Schellnhuber: Let me answer your provocative question in an objective way. As an expert, it's possible that I tend to point to dangers and risks more than to opportunities and possibilities -- similarly to an engineer who builds a bridge and has to make people aware of everything that could cause it to collapse. Warning against a possible accident is in fact intended to reduce the likelihood of an accident. And a sudden shift in the climate could have truly catastrophic consequences. Besides, in Greek mythology Cassandra was always right -- unfortunately.
SPIEGEL: Does that justify constantly predicting the end of the world?

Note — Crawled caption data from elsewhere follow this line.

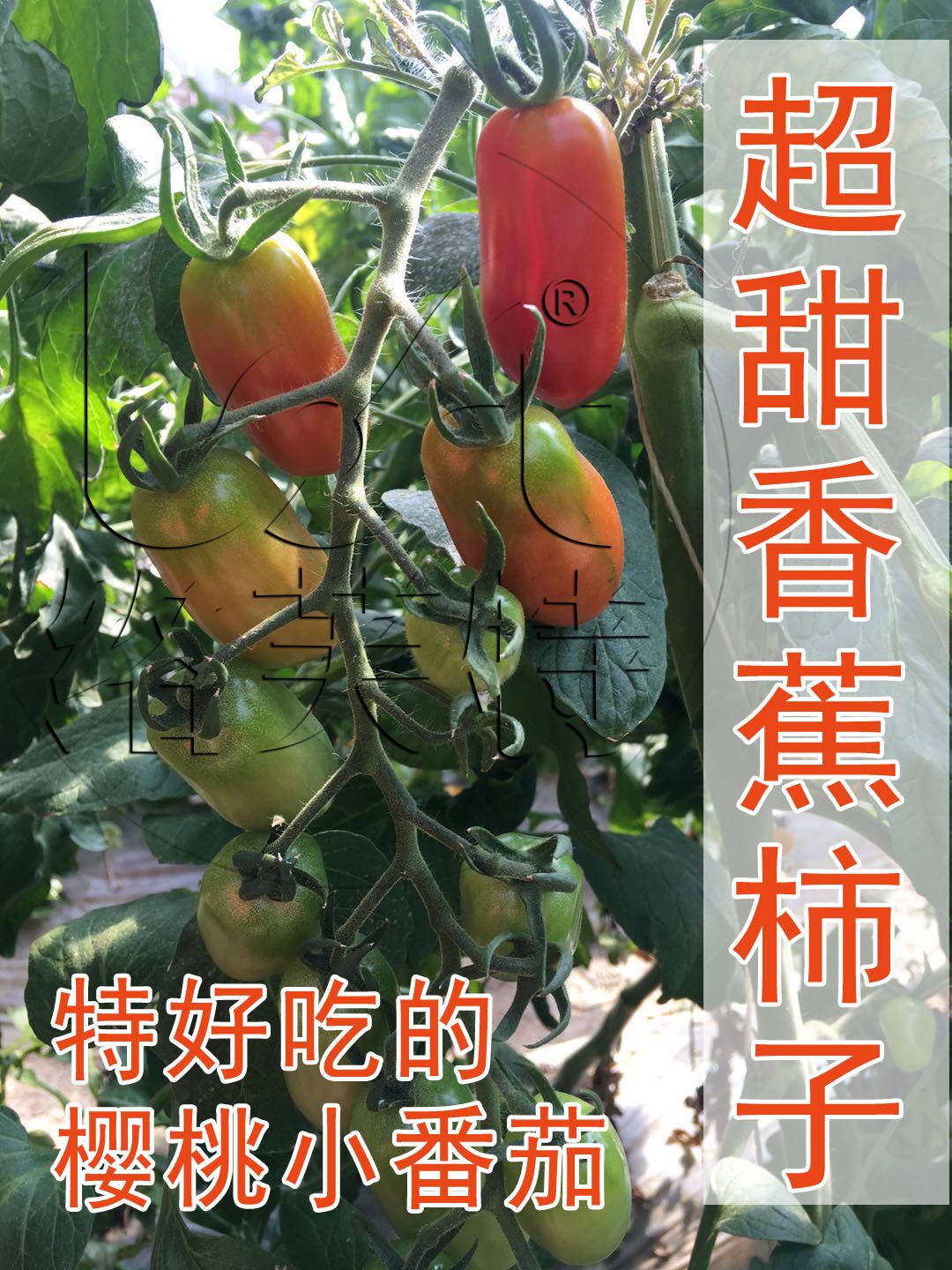 红香蕉/樱桃小番茄西红柿特种蔬菜种子圣女果种子特甜进口200粒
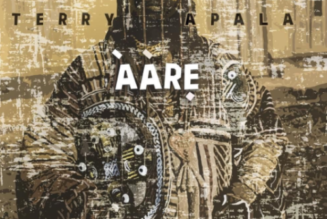 Terry Apala ft Duncan Mighty – Wetin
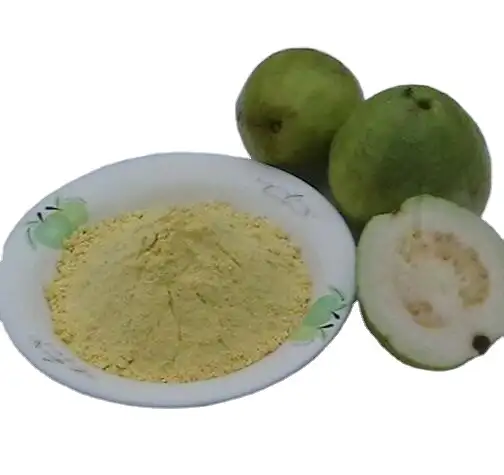 Extrait de poudre de Guava naturelle, poudre de fruits, vente en gros, g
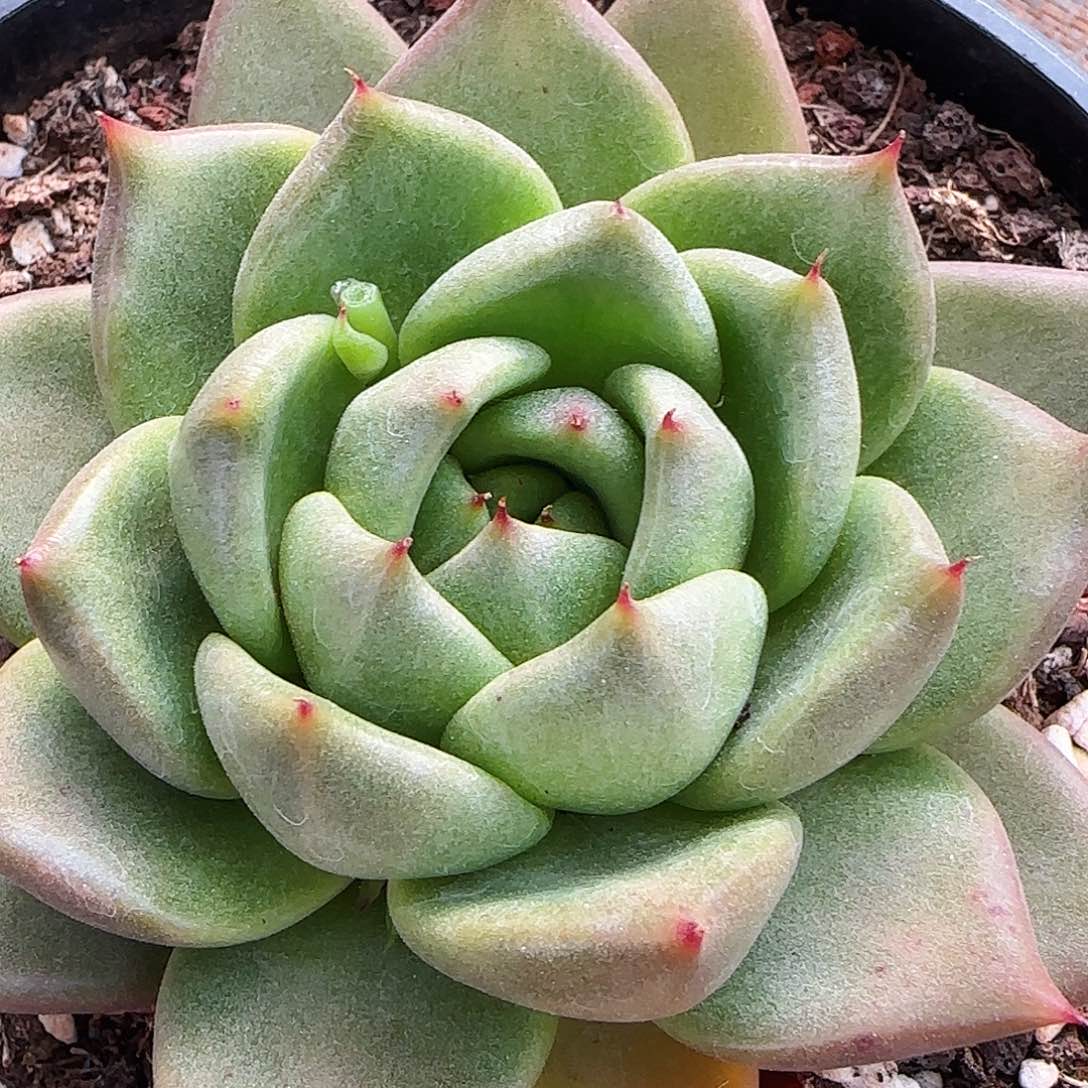 东云一物一拍两颗包邮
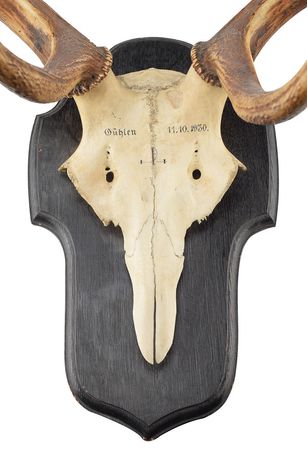 Lot #7056  Old Tucson Studios Deer Skull and Antlers Mount - Image 2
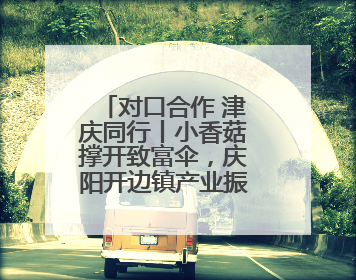 对口合作 津庆同行丨小香菇撑开致富伞，庆阳开边镇产业振兴有“蘑”力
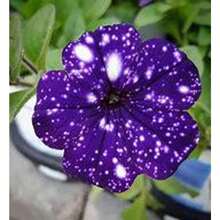 200 Seeds Nachtsky Petunia Seeds / 3. Generation/Hybrid.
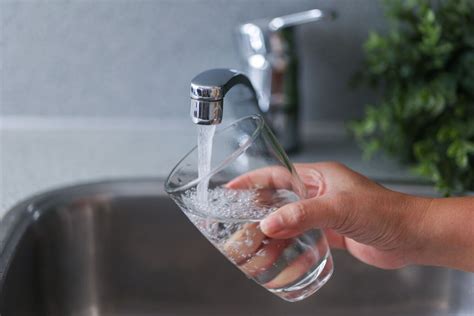 Выживание: как обеспечить себя едой, водой и укрытием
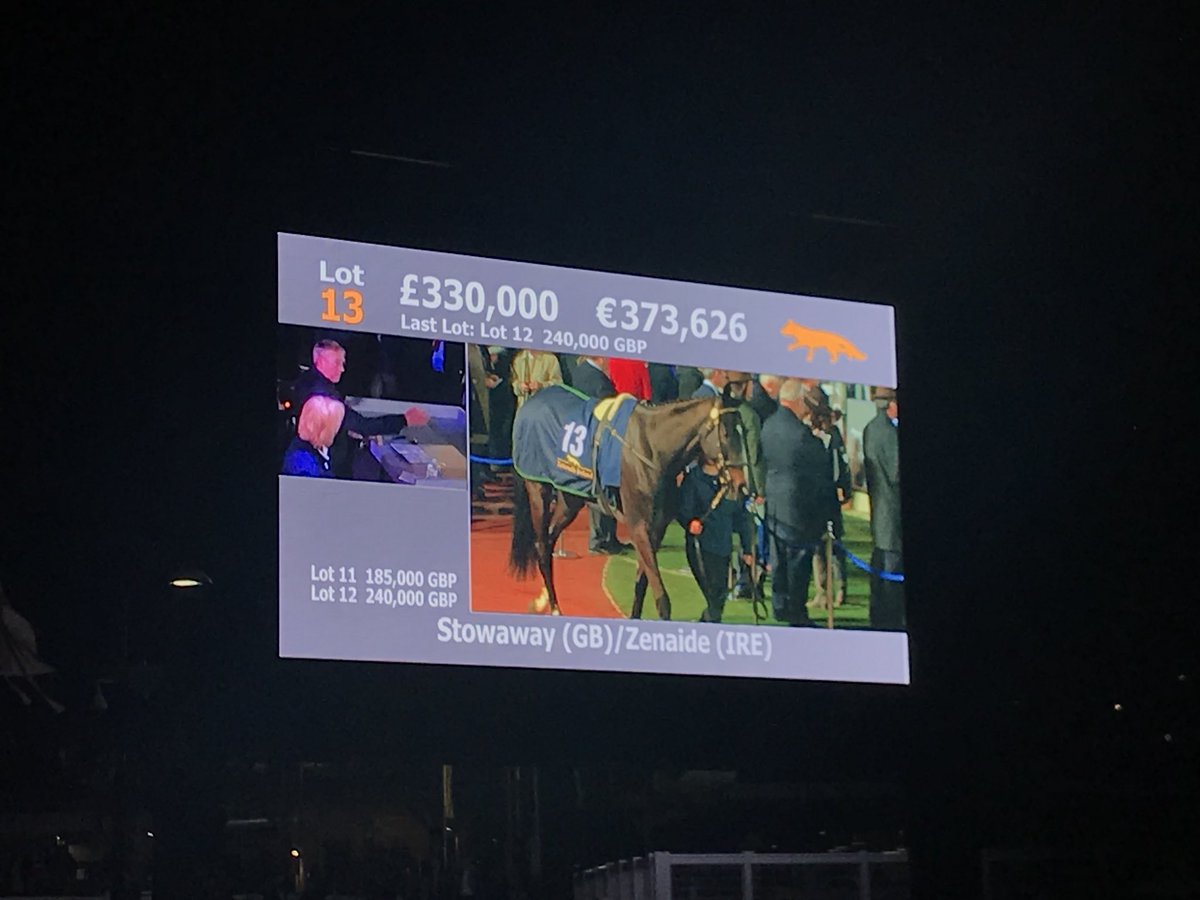 Read more about the article Wexford Handlers Dominate Cheltenham Sale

Schellnhuber: Naturally, we have to be careful not to dramatize things. After all, scientific credibility is our unique selling point. But I do confess that when you have the feeling that people just aren't listening, it becomes very tempting to turn up the volume. Naturally, we have to resist this temptation. On the other hand, the media often portray my statements in one-sided ways
SPIEGEL: Can you give us an example?
Schellnhuber: Take agriculture, for example. If temperatures rise, harvests will suffer, in cereal crops, for example. But at the same time the higher level of CO2 in the atmosphere will lead to improved fertilization of plants. This fertilization from the air will make up for a large portion of the heat damage, perhaps even overcompensating for it. In other words, we could even get higher yields for a certain amount of time, provided there is enough water. In talks I give on the subject, I always mention both effects: the heat damage and the CO2 fertilization. But such subtleties are lost when it comes to how the issue is perceived by the general public.
SPIEGEL: It wasn't just misunderstandings that shook public confidence in climate research in recent months. A number of statements in a report by the Intergovernmental Panel on Climate Change (IPCC), such as one on the supposedly rapid melting of the Himalayan glaciers, turned out to be appalling errors.

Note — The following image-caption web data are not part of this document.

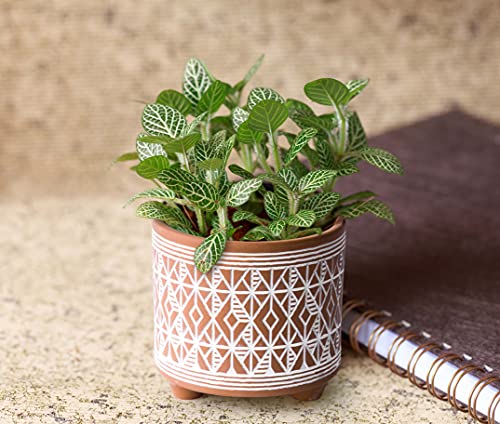 D'vine Dev 2-Pack Terracotta Pots, 4/6 in, Savanna Weave, 31-953-G-1 - style: Savanna Weave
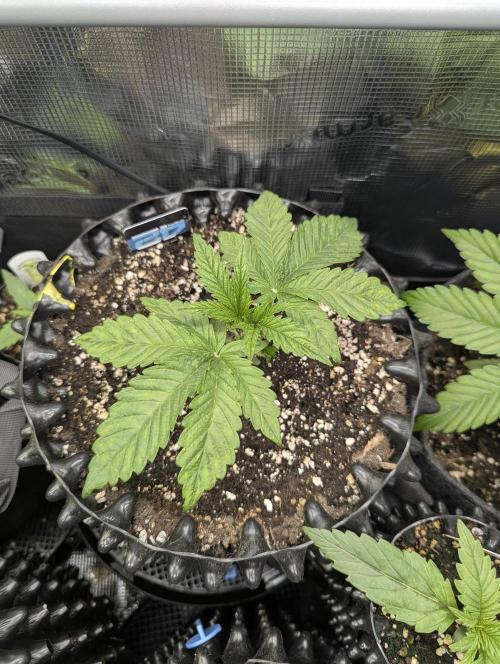 Monaco - Nine Weeks Harvest. Week 3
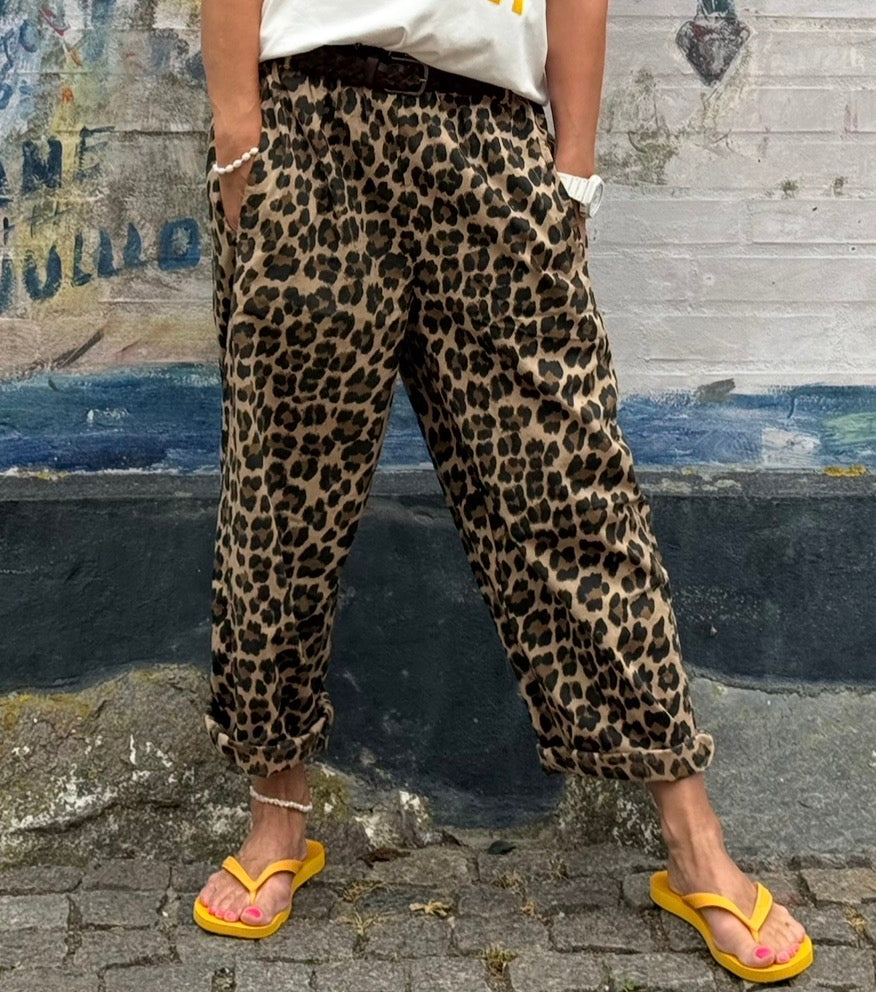 Animalie Pants - Camel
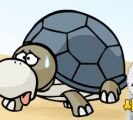 The Turtle That Carries A House Around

Schellnhuber: There were only a few slip-ups, but they were extremely vexing. The IPCC is in the public eye, and there is so much at stake that we cannot allow mistakes of this magnitude to be made. The IPCC now needs to do its homework to overcome the credibility crisis that's occurred. We received a kick in the pants that probably did us a lot of good.

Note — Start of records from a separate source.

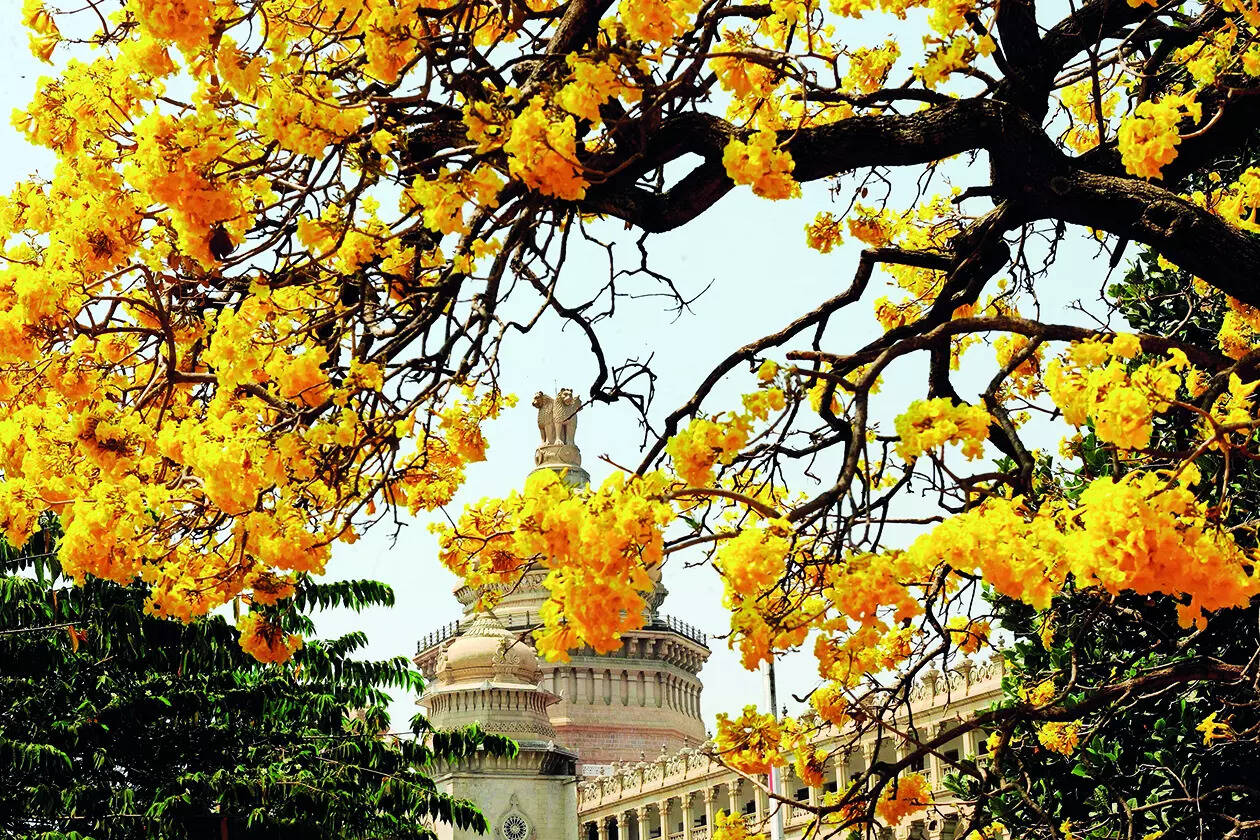 Bengaluru’s year-long romance with blooms - Times of India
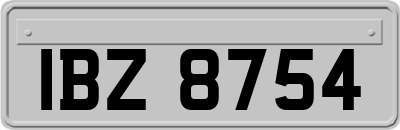 IBZ8754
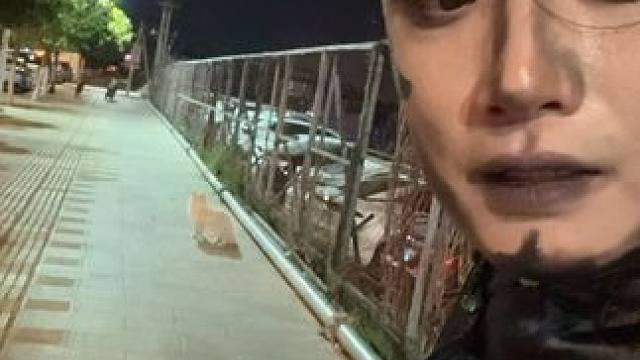 有没有人知道这个流浪的小东西是啥？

SPIEGEL: A scientific investigation panel in the Dutch parliament accuses the IPCC of overemphasizing the negative consequences of climate change.
Schellnhuber: On balance, this accusation is unjustified. It's not like the IPCC is hiding its true face, which is characterized by ugly exaggerations, behind a mask. For example, the IPCC has deliberately made cautious and restrained predictions regarding the rise in sea levels. The IPCC is set up in such a way that it smoothes things out as much as possible and uses conservative wording, so that all scientists involved can ultimately support the report.
SPIEGEL: Anyone who soberly asks for a cost-benefit analysis of climate change is demonized as a heretic. Why is it such a taboo to talk about the advantages of global warming?
Schellnhuber: You're right -- we do have to highlight the opportunities and benefits for some regions of the world more than we have done so far. There will certainly be winners, at least temporarily, especially in the northern latitudes. At a conference in Moscow, Russian Prime Minister Vladimir Putin told me quite openly: We are looking forward to global warming. We won't need to heat as much, our fleet will be able to operate in an ice-free sea, and we'll have more fertile land to farm. But is this really true? The current forest and peat fires show that global warming could also have drawbacks for Russia. The problem is that the consequences of climate change, both good and bad, have not been adequately studied yet. More than 90 percent of funding is still being used to investigate scientifically if humans are responsible for climate change. But this question has already been answered a long time ago: They are.
'We Are Very Much in the Dark'
SPIEGEL: Is Germany more likely to be among the winners or the losers?
Schellnhuber: It's hard to say. We are currently working on a comprehensive study of this issue in Potsdam. Unfortunately, there are still many unknowns. Climate impact research still lags behind the rest of climate research by about a decade. The following example illustrates how complex all of this is: On the surface, warmer temperatures are fantastic for tourism along the North Sea and the Baltic Sea. On the other hand, the beaches there will first have to survive the rise in sea levels. And that's not a trivial matter. In Hawaii, one-third of beaches are already threatened by flooding. So do the advantages outweigh the drawbacks? We don't know yet.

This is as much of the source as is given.